WHAT YOU SHOULD DO
What you return should be the complete data below, word for word, with no pictures in it.

DATA
#####
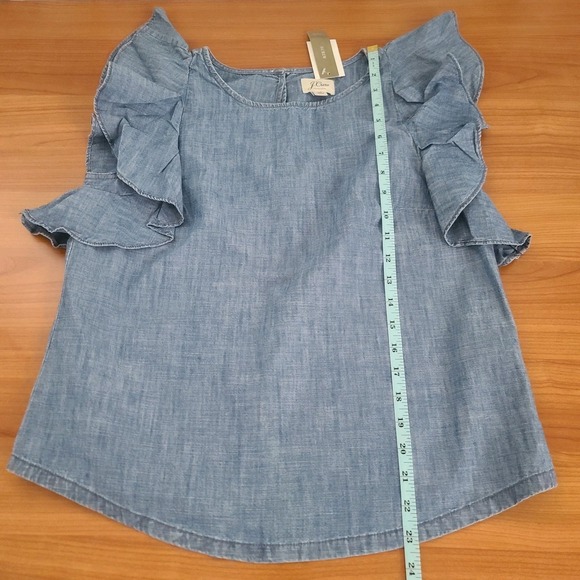 J.Crew Women's Blue Chambray Ruffle Blouse Size 6P – Lightweight Summer Top - Picture 4 of 7
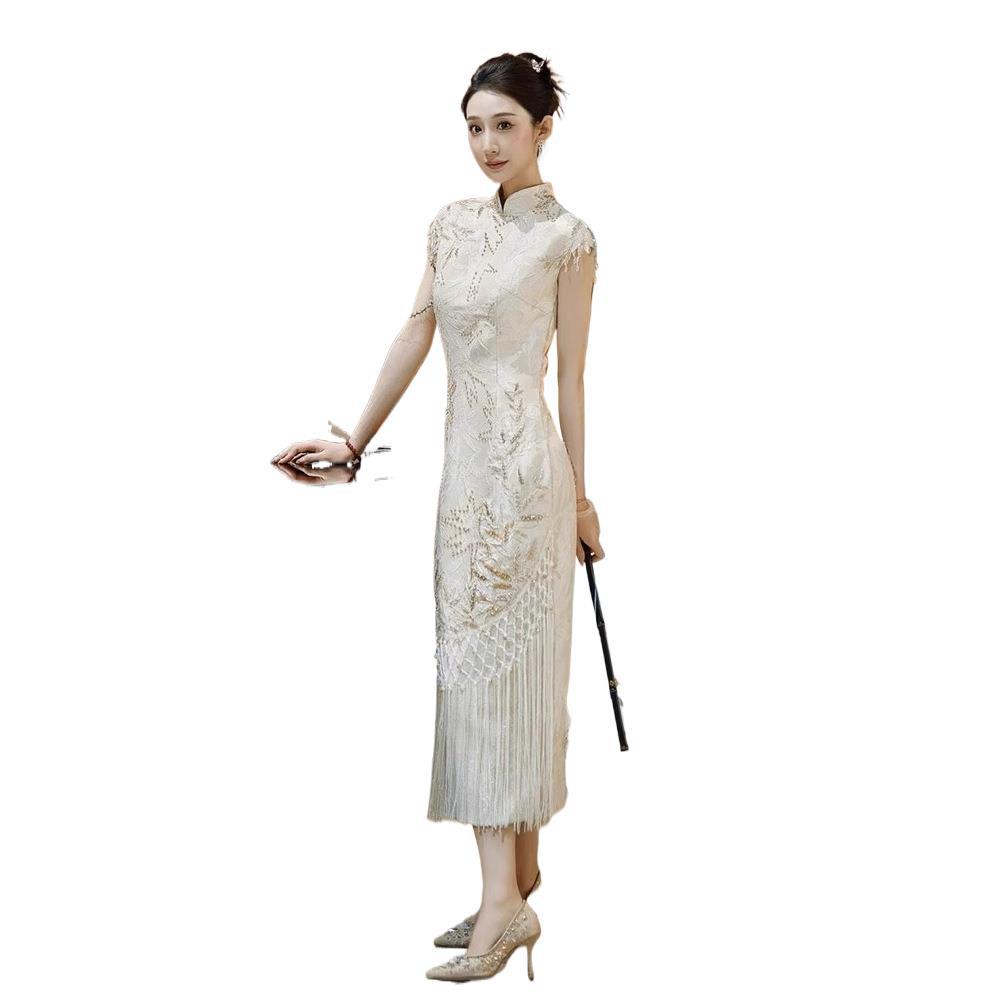 Modern Cheongsam Dress For Wedding Banquet & Special Occasions - Elegant Bride Champagne Reception Qipao With Luxe Detail_ecoleips.com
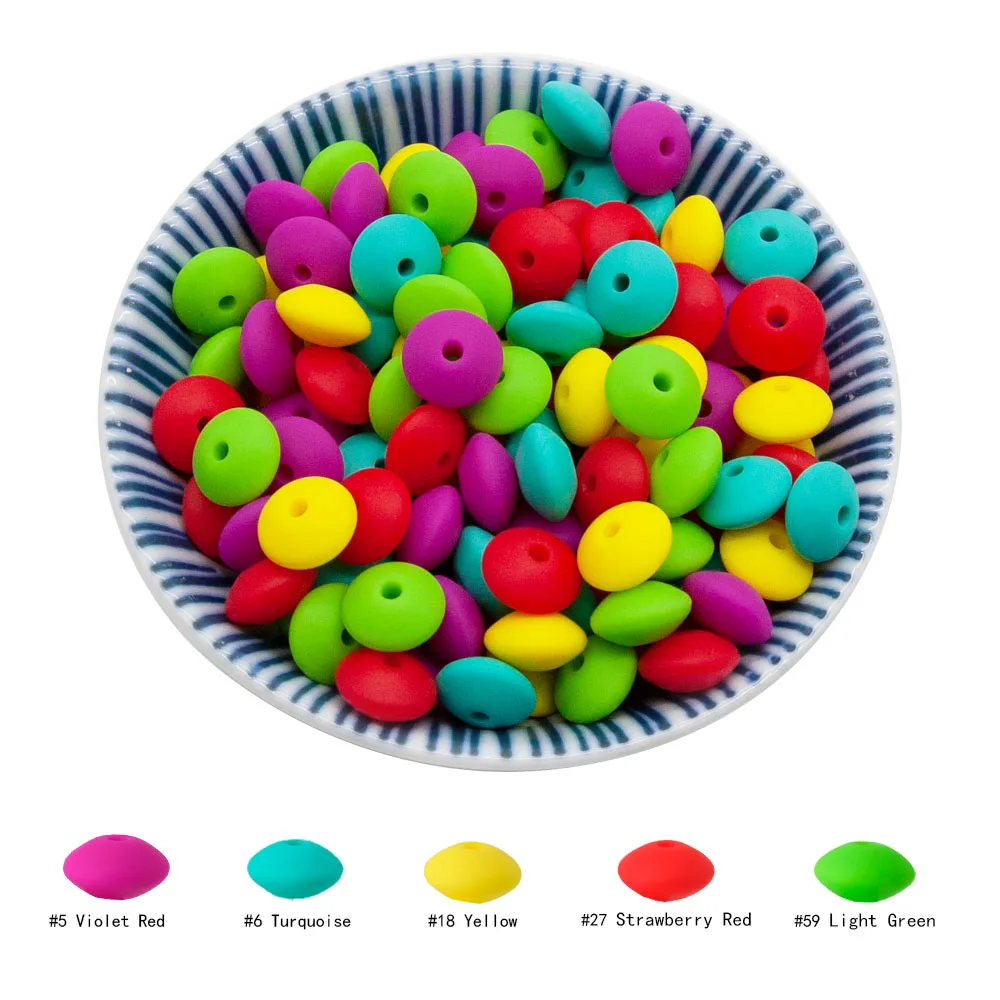 Cute-Idea 20pcs Silicone Lentil Abacus Beads 12mm Baby Rodent Beads DIY Pacifier Chain Teething Toys Accessories Baby goods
#####
TASK RESPONSE
 J.Crew Women's Blue Chambray Ruffle Blouse Size 6P – Lightweight Summer Top - Picture 4 of 7
 Modern Cheongsam Dress For Wedding Banquet & Special Occasions - Elegant Bride Champagne Reception Qipao With Luxe Detail_ecoleips.com
 Cute-Idea 20pcs Silicone Lentil Abacus Beads 12mm Baby Rodent Beads DIY Pacifier Chain Teething Toys Accessories Baby goods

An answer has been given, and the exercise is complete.